By the shores of the Galilean lake after His resurrection, He talked to Peter, and the last thing He said to him in the wonderful process of restoration from wandering to service, was this, "When thou wast young thou girdedst thyself, and walkedst whither thou wouldest; but when thou shalt be old, thou shalt stretch forth thy hands, and another shall gird thee, and carry thee whither thou wouldest not.... Follow Me." John adds in parenthesis, "This He spake, signifying by what manner of death he should glorify God." Yes, but He also spoke of the principle upon which Peter should live and serve. In that word of Jesus there is the most remarkable unveiling of the meaning of taking up the cross. "When thou wast young, thou girdedst thyself, and walkedst whither thou wouldest." So long as I am doing that, I cannot help Him to build and to fight. Soul of mine, art thou girding thyself and walking whither thou wouldest; is the underlying reason even of thy preaching the pleasing of thyself? Then thy preaching never helps Him to build or to fight. You may be very popular with your friends, but you cannot help Christ to build. But, when you stretch out your hands and let Him gird you, and let Him command you; when you will take that life of yours with all its powers and possibilities, and all its resources, and sincerely hand it over to Him; when you will take up your cross; then you will help Him to build, and you will help Him to fight; your blow will tell on the strongholds of evil, and the influence of your life will hasten the coming of the day of God.

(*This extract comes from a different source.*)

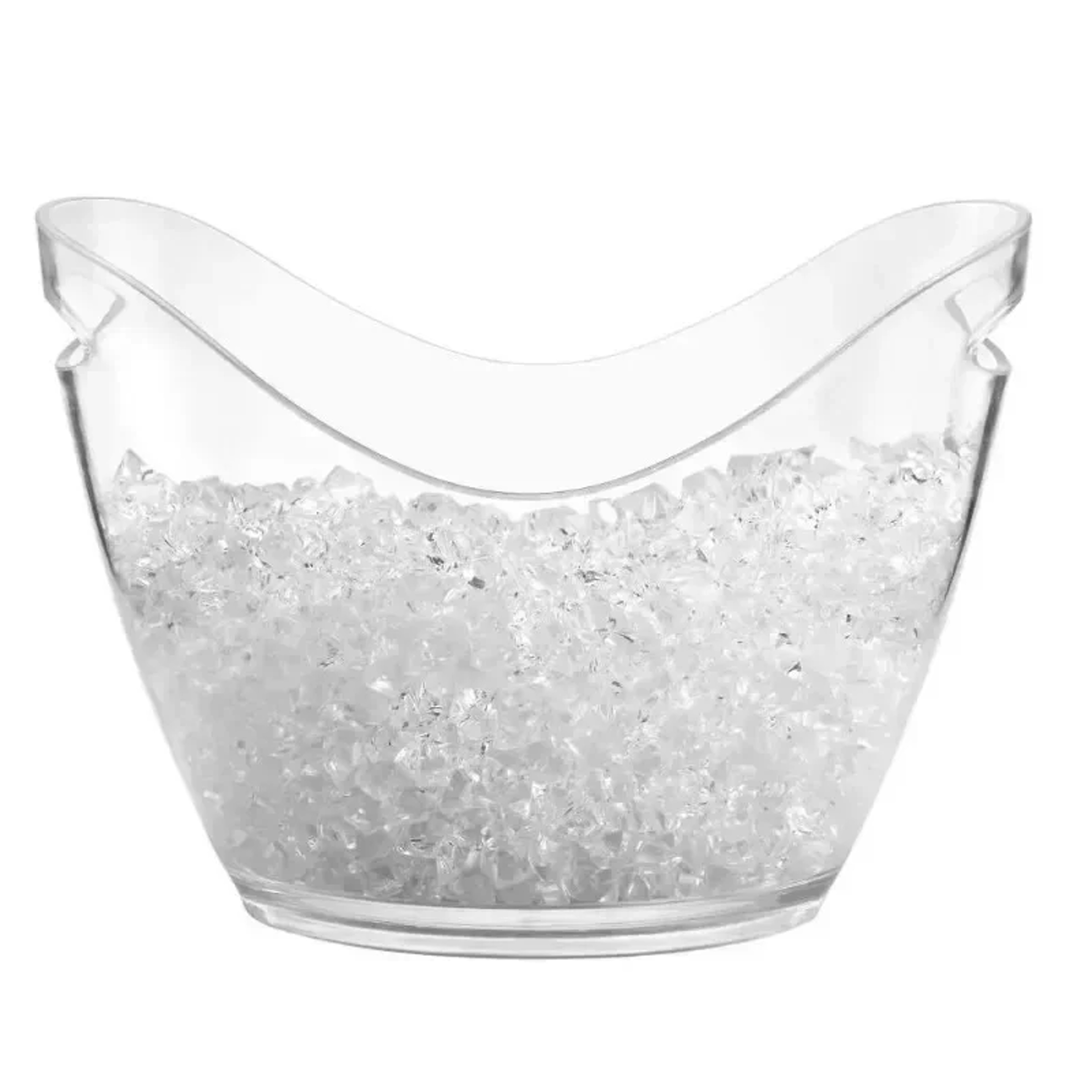 Clear Plastic Ice Bucket Champagne Bottle Cooler for Bar and Party Drinks – view 5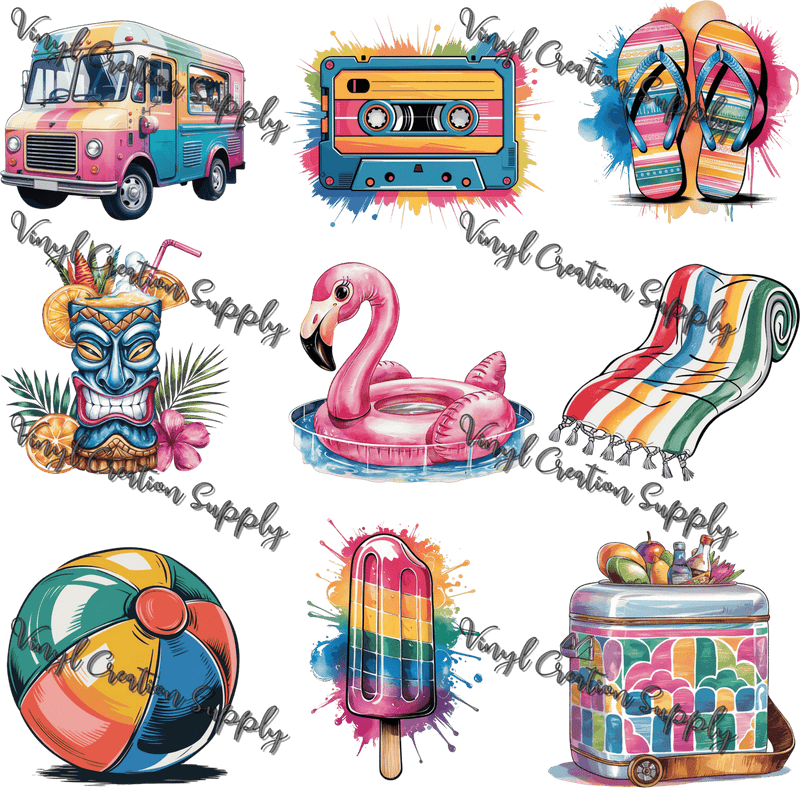 Summer Collage 2 - Vinyl Creation Supply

"Blessed is he that shall eat bread in the Kingdom of God." We all come as far as that. I think the whole audience comes as far as that. I do not believe there is a man or woman or child in this house who has seen anything of the vision of the Kingdom of God as revealed in Jesus, but would say, blessed is the man who lives there. Jesus saw the great multitudes; He sees them now; He holds us for the moment; let Him speak. Oh, that I could be silent and be hidden, and Christ only heard and seen! The pierced hands seem to me to be sifting amongst us tonight, beginning here in the pulpit. He is after men and women who will help Him to fight. Am I prepared? If any man will come after Me toward that Kingdom, he must come My way. If any man will help Me in the building and the battle, he must take up his own cross. That is the Sacramentum. Are we prepared to take the oath of allegiance? Presently, many of us will gather about the table which we call the sacrament; and in that sense it is well so named. Any man who sits at that table and takes that bread and fruit of the vine, who does not at the same time deny himself and realize his responsibility to the world and to Christ, is a traitor as he partakes. "This is My body broken, My blood shed, for you." Let a man examine himself, and eat. This is the sacramentum and the symbol of it. Not that the taking of the bread and wine is sufficient; but it is the outward and visible sign of the inward and invisible attitude. There may be men and women here who have never yet enlisted under the banner of Christ, who have never yet begun to follow Him even for their own soul's salvation; let such begin to follow Him tonight for His sake, for the sake of the world, for the sake of His battle and His building; and if you will do so, I invite you to this table. Tonight there is no after-meeting, no inquiry room where we can speak together; none is necessary. Sit at this table, as one who says, "Tonight I will take up my cross and follow Him." By such act you take the oath of allegiance. God grant that the King may tonight find some men and women for His building and His battle.